PHY5200 F06

Chapter 4: Energy

Reading

Taylor 4.10-5.1 (today) and midterm review (Monday).

Recall

In elastic collisions, energy and momentum are conserved.

Collisions are treated one at a time between two objects. If you have a situation where three objects collide, it should be treated as a sequence of collisions between two objects, i.e. first collide 1 and 2, then collide 2 and 3, then collide 3 with 1 (if necessary).

The Energy of a Multiparticle System

I've already covered this topic. Let's look again at the problem of an object rolling down an incline, but this time considering the energy relations.

Example: A Cylinder Rolling Down a Hill

We analysed this problem using forces and equations of motion earlier. Now, let's treat the problem using energy.

Consider a cylinder (mass M, radius R, and I = ½MR²) starts from rest and rolls without slipping down a hill of arbitrary construction -- just that it goes downhill. What is the velocity of the cylinder after it descends a height h?

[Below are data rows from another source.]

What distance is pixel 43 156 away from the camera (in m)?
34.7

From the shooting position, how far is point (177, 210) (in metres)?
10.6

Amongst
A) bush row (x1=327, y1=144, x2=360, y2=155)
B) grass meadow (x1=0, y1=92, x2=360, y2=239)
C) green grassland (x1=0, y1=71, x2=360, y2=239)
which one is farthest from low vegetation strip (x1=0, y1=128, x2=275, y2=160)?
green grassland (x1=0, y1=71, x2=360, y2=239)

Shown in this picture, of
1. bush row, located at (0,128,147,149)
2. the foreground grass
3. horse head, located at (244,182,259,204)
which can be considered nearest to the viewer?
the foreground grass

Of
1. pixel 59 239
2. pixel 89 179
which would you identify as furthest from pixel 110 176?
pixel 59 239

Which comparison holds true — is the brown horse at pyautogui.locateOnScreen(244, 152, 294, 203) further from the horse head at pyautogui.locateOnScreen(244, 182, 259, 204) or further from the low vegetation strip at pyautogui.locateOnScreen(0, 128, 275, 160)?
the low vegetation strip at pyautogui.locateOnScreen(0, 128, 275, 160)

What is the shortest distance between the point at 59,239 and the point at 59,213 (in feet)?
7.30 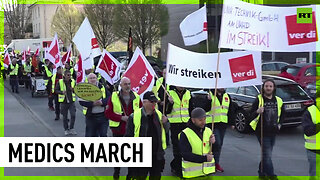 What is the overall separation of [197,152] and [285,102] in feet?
20.2

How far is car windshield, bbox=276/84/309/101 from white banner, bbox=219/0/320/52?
4.84 m

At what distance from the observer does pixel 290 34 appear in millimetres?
6090

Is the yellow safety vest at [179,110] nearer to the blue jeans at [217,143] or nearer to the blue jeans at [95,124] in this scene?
the blue jeans at [217,143]

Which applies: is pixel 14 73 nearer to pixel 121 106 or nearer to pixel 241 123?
pixel 241 123

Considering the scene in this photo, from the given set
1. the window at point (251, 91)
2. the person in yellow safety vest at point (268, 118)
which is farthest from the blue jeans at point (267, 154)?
the window at point (251, 91)

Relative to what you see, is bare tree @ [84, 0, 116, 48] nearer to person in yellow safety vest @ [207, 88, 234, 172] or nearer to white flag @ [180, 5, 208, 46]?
white flag @ [180, 5, 208, 46]

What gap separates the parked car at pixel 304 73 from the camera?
1565 cm

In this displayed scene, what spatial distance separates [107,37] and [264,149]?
35552 mm

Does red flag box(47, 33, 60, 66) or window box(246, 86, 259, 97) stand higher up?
red flag box(47, 33, 60, 66)

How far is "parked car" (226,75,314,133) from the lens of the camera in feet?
34.8

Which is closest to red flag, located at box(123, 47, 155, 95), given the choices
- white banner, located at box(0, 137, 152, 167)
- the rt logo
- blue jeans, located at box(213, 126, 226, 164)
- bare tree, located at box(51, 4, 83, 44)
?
white banner, located at box(0, 137, 152, 167)

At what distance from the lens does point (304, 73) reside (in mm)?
16047

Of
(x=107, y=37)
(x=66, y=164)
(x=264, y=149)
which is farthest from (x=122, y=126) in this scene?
(x=107, y=37)

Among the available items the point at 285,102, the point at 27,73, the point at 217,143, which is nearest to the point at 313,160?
the point at 217,143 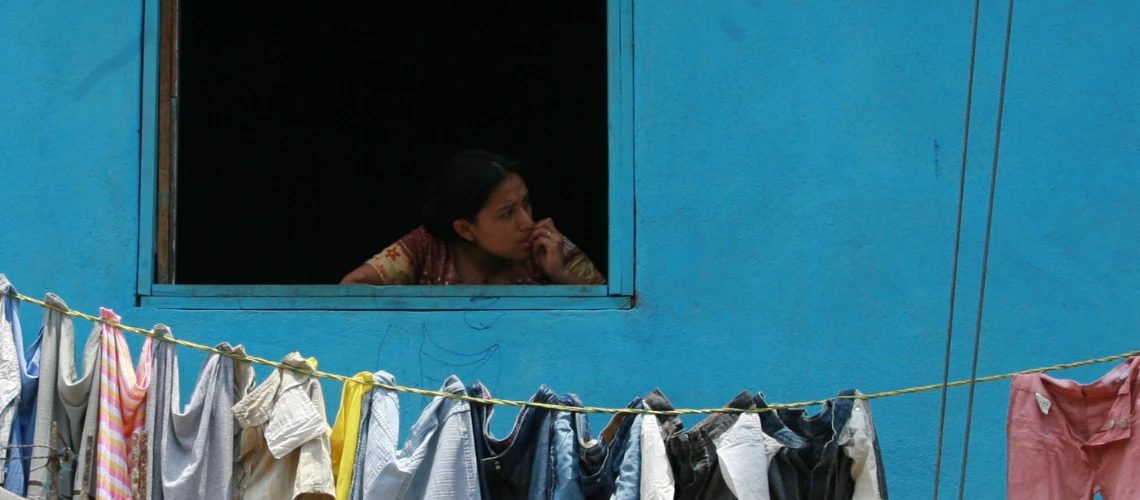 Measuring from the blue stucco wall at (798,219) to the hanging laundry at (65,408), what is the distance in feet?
1.78

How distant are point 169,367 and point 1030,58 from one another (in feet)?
7.34

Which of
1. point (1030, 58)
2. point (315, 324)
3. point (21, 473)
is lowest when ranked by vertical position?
point (21, 473)

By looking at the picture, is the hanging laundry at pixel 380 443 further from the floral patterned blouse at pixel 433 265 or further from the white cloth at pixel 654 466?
the floral patterned blouse at pixel 433 265

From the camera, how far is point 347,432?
3.90 metres

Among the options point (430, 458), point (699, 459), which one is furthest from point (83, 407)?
point (699, 459)

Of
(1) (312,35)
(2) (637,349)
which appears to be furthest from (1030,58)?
(1) (312,35)

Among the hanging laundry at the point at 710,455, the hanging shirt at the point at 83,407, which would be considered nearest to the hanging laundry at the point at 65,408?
the hanging shirt at the point at 83,407

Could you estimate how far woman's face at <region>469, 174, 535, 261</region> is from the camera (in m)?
5.02

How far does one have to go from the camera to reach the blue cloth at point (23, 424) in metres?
3.93

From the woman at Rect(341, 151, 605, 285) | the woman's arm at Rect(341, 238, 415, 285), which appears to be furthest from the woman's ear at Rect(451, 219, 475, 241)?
the woman's arm at Rect(341, 238, 415, 285)

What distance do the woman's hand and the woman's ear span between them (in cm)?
18

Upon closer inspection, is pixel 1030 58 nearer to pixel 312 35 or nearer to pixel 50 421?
pixel 50 421

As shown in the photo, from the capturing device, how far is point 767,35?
4.61 meters

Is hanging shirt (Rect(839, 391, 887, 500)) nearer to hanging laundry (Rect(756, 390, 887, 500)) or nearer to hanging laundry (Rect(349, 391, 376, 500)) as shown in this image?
hanging laundry (Rect(756, 390, 887, 500)) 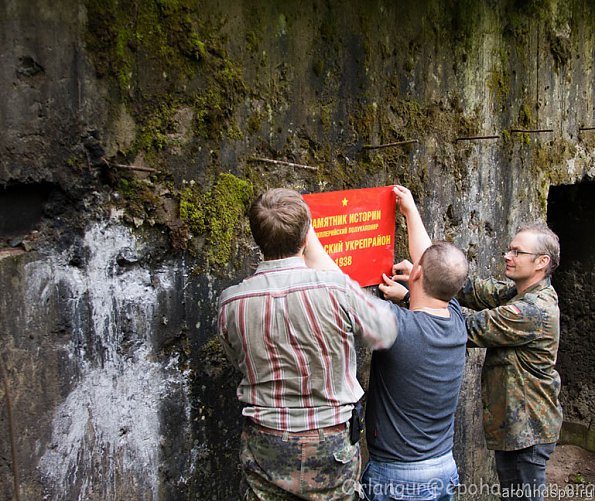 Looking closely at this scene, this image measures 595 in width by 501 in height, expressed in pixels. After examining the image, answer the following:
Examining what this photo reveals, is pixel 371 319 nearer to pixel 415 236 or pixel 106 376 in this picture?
pixel 106 376

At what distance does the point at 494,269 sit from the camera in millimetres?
4418

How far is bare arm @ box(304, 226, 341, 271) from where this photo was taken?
2568mm

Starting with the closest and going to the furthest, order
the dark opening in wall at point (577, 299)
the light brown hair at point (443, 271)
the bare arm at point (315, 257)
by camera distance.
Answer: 1. the bare arm at point (315, 257)
2. the light brown hair at point (443, 271)
3. the dark opening in wall at point (577, 299)

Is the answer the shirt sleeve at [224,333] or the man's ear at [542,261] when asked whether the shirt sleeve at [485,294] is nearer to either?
the man's ear at [542,261]

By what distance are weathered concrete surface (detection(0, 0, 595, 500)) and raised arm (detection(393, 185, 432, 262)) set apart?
157 mm

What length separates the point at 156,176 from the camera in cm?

Since the cylinder rolls without slipping, it doesn't lose any energy to friction, so the total mechanical energy of the cylinder is conserved. Its mechanical energy is the sum of gravitational potential energy and kinetic energy. Since the cylinder starts from rest, the initial energy is purely gravitational potential energy, Ei = U = Mghi, where hi is the initial height. The final energy is Ef = T + U = ½Mv² + ½Iω² + Mghf. For a rolling cylinder (or wheel), ω = v/R. Equating initial and final energies, we have Mghi = ½Mv² + ¼Mv² + Mghf = (3/4)Mv² + Mghf, and solving for v gives

v = sqrt(4gΔh/3)
Where Δh = hi - hf is the difference between the initial and final heights. Notice that the details of the shape of the hill are not needed.

Chapter 5: Oscillations

Hooke's Law

You learned about Hooke's law for the force exerted by a stretched spring in basic physics, F = -kx. The importance of Hooke's law goes far beyond the potential uses of springs for closing doors. It is the result of the simple observation that for any system near a point of stable equilibrium, the force is approximately a linear restoring force (almost always). Let's see how this happens.

For simplicity, begin with a one-dimensional system. Without loss of generality, we can redefine x so that the equilibrium position is at x=0.There is a potential energy function for the system, and we can expand it in a Taylor series about x=0:

U(x) ≅ U(x=0) + (∂U(x=0)/∂x) x + ½ (∂²U(x=0)/∂x²) x² + ... = U(0) + U'(0)x + ½U''(0)x² + ... = U(0) + ½U''(0) x²

where I've used a prime to represent the derivative with respect to x, in analogy to using a dot to represent a derivative with respect to time. The linear term is zero since ∂U(x=0)/∂x = 0 (the definition of an equilibrium point) and higher order terms are neglected.

The force is the negative of the gradient of the potential. For our one dimensional case the gradient is simply the x derivative, and recalling that in the expansion for the potential, the quantities evaluated at x=0 are constant, we find

F(x) = -∂U(x)/∂x = -U''(0) x

Since this is a point of stable equilibrium, the second derivative of the potential energy evaluated at the equilibrium position is positive. Therefore, the force has the same form as the spring force, where the second derivative of U plays the role of k: U''(0) = k. This argument is true aside from some aberrant cases where the second derivative U''(0) = 0.

We conclude that the motion near a point of stable equilibrium is simple harmonic. This is amplified if we draw the potential energy near a point of stable equilibrium. We can apply what we learned about one-dimensional motion to see the turning points, and see that the shape of the PE near the equilibrium is parabolic.